Megan realized she was gripping the book so hard her fingers ached. What had she hoped to find in its pages? She wasn’t sure. Some inkling, perhaps, of the woman Thana would become. Some proof that none of this was Megan’s fault.
But she saw three lives—four lives, really—full of promise. A war on foreign soil had stolen Mick’s, and now someone had robbed Thana of hers just when she was finally getting the acclaim she wanted.
Megan placed the scrapbook back in its box and opened the letter. It was from her to Thana, a note she’d never delivered. Megan read the thoughts of a sixteen-year-old Megan, explaining to Thana how she was trustworthy, how she would have never stepped out of line and stolen another girl’s boyfriend. So full of angst and remorse—yet it remained in the box, an empty apology.

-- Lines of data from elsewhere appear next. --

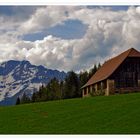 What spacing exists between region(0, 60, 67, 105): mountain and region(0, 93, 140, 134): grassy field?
2.47 feet

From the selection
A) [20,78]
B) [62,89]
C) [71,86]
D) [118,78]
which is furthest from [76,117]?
[118,78]

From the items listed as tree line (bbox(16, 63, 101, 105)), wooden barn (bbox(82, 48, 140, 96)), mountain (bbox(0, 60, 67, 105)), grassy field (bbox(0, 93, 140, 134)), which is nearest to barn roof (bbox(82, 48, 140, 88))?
wooden barn (bbox(82, 48, 140, 96))

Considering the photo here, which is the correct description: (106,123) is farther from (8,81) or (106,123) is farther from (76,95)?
(76,95)

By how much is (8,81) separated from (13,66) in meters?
0.62

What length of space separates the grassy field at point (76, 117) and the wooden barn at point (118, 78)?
1.12 meters

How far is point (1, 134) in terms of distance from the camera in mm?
16156

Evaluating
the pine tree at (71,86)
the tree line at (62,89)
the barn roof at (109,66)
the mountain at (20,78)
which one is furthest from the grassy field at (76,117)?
the barn roof at (109,66)

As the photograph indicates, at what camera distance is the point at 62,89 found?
69.4 feet

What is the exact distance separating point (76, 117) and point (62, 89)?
138 inches

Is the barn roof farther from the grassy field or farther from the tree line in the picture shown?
the grassy field

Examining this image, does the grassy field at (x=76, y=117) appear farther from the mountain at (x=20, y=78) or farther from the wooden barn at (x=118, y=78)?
the wooden barn at (x=118, y=78)

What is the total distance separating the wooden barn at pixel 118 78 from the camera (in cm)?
2165

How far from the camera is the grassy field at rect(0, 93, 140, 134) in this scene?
16.4m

She tried to remember why she hadn’t sent it. Lingering anger, maybe. Thana had stolen her boyfriend, Ray, after all. Back then it had felt like the ultimate betrayal. Or a realization that Thana would not have accepted the apology?

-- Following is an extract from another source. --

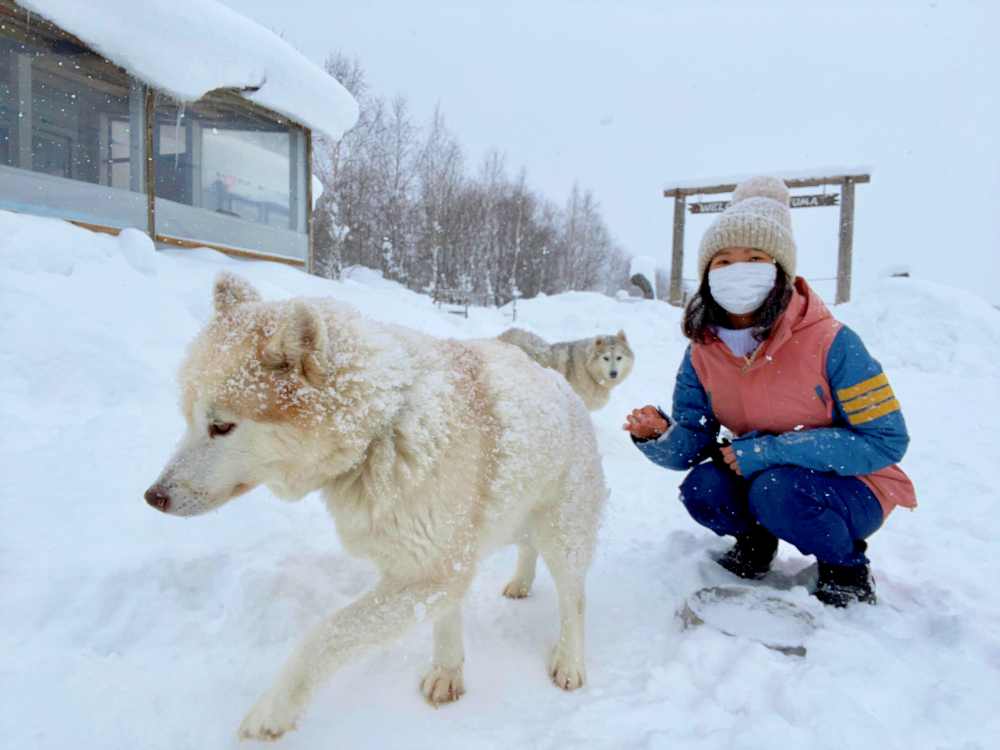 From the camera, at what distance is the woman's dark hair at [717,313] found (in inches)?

Or maybe, deeper, the understanding that Thana Moore had been looking for an opportunity to go after Ray Cruise. That Mick had been a handy excuse. That Thana had been waiting for the chance to go after what she felt was rightfully hers. Megan glanced back at the pictures. Thana, staring at Ray. Thana, basking in his attention.
Abruptly, Megan put everything back and slammed the box shut. It was bad enough that she and Thana had ended their friendship, but she refused to sully her old friend’s memory with such an opportunistic view of her.

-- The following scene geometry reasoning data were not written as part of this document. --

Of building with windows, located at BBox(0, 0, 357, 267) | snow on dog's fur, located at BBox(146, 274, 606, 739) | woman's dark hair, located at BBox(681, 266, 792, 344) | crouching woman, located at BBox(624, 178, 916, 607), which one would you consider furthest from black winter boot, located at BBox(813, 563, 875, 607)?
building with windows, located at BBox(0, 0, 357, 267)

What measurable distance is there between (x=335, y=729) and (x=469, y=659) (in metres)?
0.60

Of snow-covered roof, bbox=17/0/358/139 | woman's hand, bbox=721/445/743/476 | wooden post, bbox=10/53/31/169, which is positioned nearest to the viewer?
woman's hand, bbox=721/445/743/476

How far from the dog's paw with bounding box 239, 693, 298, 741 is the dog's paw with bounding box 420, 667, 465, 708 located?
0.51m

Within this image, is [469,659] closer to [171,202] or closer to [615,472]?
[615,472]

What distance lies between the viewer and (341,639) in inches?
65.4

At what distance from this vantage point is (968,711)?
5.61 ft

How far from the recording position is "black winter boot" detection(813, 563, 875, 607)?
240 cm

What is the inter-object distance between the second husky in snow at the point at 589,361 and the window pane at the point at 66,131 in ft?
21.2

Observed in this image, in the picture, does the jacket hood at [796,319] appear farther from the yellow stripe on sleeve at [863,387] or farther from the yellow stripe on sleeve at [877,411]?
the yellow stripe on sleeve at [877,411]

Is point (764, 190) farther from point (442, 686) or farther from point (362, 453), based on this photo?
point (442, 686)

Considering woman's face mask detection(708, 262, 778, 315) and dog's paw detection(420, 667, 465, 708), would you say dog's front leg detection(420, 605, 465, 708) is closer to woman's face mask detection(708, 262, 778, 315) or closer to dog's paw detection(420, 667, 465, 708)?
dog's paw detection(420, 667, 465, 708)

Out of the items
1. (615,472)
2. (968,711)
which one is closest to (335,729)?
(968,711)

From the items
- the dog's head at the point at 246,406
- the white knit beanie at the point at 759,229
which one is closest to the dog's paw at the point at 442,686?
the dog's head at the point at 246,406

They had only been kids, after all.
Megan placed the box back in the drawers. She was returning the rest of the memorabilia to its home when her eye fell on another book, this one thinner, wedged behind a box of artwork. Megan pulled it out. The cover was aged white satin, the pages black. She felt her he
art pounding in her chest, and she realized the root of her nervousness was the fact that she’d never seen this book before. Bibi had shared all of their memories.
Megan opened it, her breath catching in her throat. The photographs mounted within the album were of her and her parents. Right after birth, cradled in Charlotte’s arms. Her christening, held by a younger Eddie, who sat with a joyful smile between Charlotte and Bibi. Christmastime when she was a toddler, dressed in a pink nightgown and bending before a bedazzled tree, Charlotte by her side. Megan went slowly through the ten or so pages, absorbing the pain, welcoming it. Wondering for the millionth time what made her mother—this mother—leave.
The last picture was like a fast forward in a movie. Megan looked to be seven or eight—pigtails, a missing tooth, wearing bell-bottomed pants and a too-small sweater. Charlotte’s sweater was blue and oversized, her hair flat and lifeless against her skull. Megan was grinning, her face captured the moment before she would blow out the candles on a cake, only the side of which was visible. Charlotte looked on, but her gaze seemed faraway.
Adult Megan searched her mother’s face for a clue. What had changed in those years?
Megan was still staring at that photo when the door slammed open. Megan tore her attention from the album to the doorway. It took her a moment to register her father and grandmother standing there, looking upset.
“What are you doing?” Bibi asked. She sounded alarmed.
“Didn’t you hear anything?” Eddie said.
Megan noticed her father was carrying a phone, that Bibi’s alarm seemed focused on something other than the photo albums. She put the book back in the cabinet and closed the door.
“What’s the problem? What’s wrong?”
Eddie and Bibi looked at one another. Eddie said, “Someone broke into the barn.”
“That’s impossible.” Megan stood. “It was fine when I got home.” She glanced at her watch. Had it really been two hours ago?